The House of Representatives passed the $280 billion semiconductor chip and scientific research and development package on Thursday afternoon, sending the legislation to President Joe Biden’s desk.
Despite opposition from GOP leadership, 24 Republicans joined 219 Democrats in supporting the CHIPS and Science Act of 2022. All 187 “no” votes on the legislation came from Republicans, while Democratic California Rep. Sara Jacobs, whose family founded chip-maker Qualcomm, voted present. (RELATED: EXCLUSIVE: Bipartisan Group Of Reps Propose Semiconductor Supply Chain Review)
The House concurred (passed) in the S. Amd’t to the H. Amd’t to S. Amd’t to H.R. 4346 – CHIPS and Science Act of 2022 by a vote of 243-187-1 present. https://t.co/lPWzuuhvZf
— House Press Gallery (@HouseDailyPress) July 28, 2022
The bill’s companion legislation passed the Senate on Wednesday afternoon, with seventeen Republican votes in support. Republican leader Mitch McConnell had threatened to filibuster the funding following reports that Senate Democrats had renewed negotiations on an infrastructure package, but ultimately voted in favor of the bill. Later Wednesday evening, Democratic West Virginia Sen. Joe Manchin announced that he would support a reconciliation package, leading House Republicans to oppose the subsidy package.

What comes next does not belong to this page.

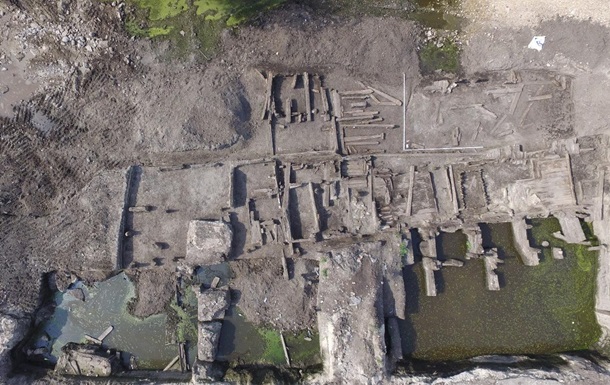 В Киеве раскопали улицу XVII века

“This legislation comes to the House precisely as Senate Democrats have allegedly struck a deal on their partisan reconciliation bill, pairing up a tone-deaf agenda that on one hand gives billions away in corporate handouts, and on the other hand undoes historic tax cuts implemented by Republicans,” Minority Whip Steve Scalise wrote in a memo urging Republicans to vote against the package.
The CHIPS and Science Act includes $52 billion in subsidies for domestic semiconductor manufacturers, and $200 billion for science, technology, engineering, and mathematics (STEM) research. The $200 billion includes grants to the National Science Foundation, as well as cash for schools to increase their STEM curriculum offerings.
“This final product is a result of months of bipartisan negotiations. It is also the result of dedicated efforts and long hours put in by the committee’s staff,” Democratic Texas Rep. Eddie Bernice Johnson, the bill’s lead sponsor, said in a floor speech. The provisions “that form this package are vital to ensuring a bold and prosperous future for American science and innovation, maintaining our international competitiveness, and bolstering our economic and national security.”